It is indeed a repeated breach of contract law and consumer protection law. Staff here may be able to sort this out, but if they can't then the boiler plate below explains the way forward. The fact that I've got this as a saved resource will tell you that this is how VM behave quite often.
These "didn't get the deal I agreed" situations happen from time to time - in fact they happen regularly with Virgin Media. However, your legal rights are crystal clear - information provided by a company verbally or written is binding if the consumer relies upon it when entering a contract (Section 50 of the Consumer Rights Act 2015), so VM have to honour whatever was promised, whether they like it or not. No matter what VM say about "not the right deal", "can't offer that to you", "deal not on the system", you agreed a contract with their agent, that is now binding . And perhaps they need to re-train some of their staff because yours is a regular complaint in these forums.
Hopefully the forum staff can pick this up and get it sorted - by which I mean that you get exactly the deal you were promised, suitably backdated to when it should have been effective, and an appropriate goodwill gesture (in your particular circumstances I'd ask for £150) for the inconvenience and stress. That would be the cheapest and quickest resolution for both parties, and the best way of trying to recover some goodwill in a bad situation. If they can't get it sorted in that complete manner (and don't settle for miserly goodwill payment), you need read the Virgin Media Complaints Code of Practice and raise a formal complaint. I suggest in writing, by recorded post.
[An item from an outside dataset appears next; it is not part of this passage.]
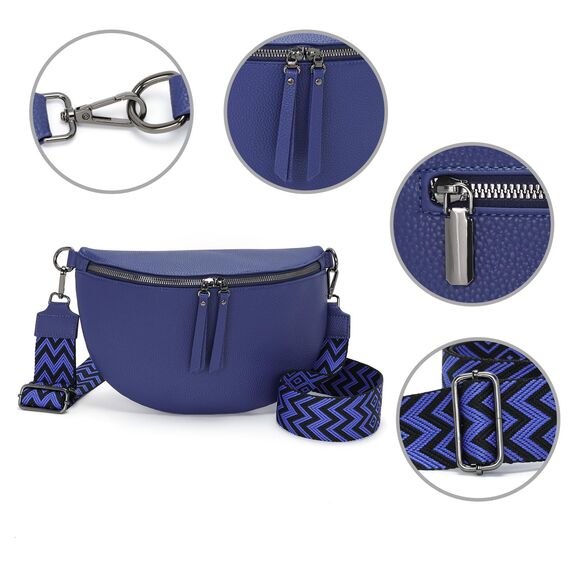 Vezluax 30x20cm umhängetasche Damen Bauchtasche Damen Groß Vegan Leder Crossbody Bag stylisch Frauen mit breitem Gurt Dark Blue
Reject the contract they're trying to impose, and demanding that as per your legal rights the company honour what was promised, and pointing out that if the company can't honour its agreement you will escalate to Ombudsman Services as soon as permitted by the rules.
If VM still won't honour the contract despite the complaint, or issue a fob-off resolution that doesn't settle things acceptably, then you reply by rejecting the "resolution" and asking for a deadlock letter, with that you take the matter to the Ombudsman. If VM stall and you can't get a deadlock letter then (ignoring that it is a breach of regulations) then eight weeks after your initial complaint was received by VM you can take the matter to the Ombudsman without a deadlock letter. Explain the background and request that VM be required to give you the promised deal, fully backdated, and add on a request for compensation for the hassle.
As I said earlier, hopefully the forum staff can get this resolved quicker and without the formality, but don't accept any compromise price offer, insist it is properly backdated, and that the goodwill compensation is at least £150. If it's short on any of those, then Ombudsman Services are your way forward.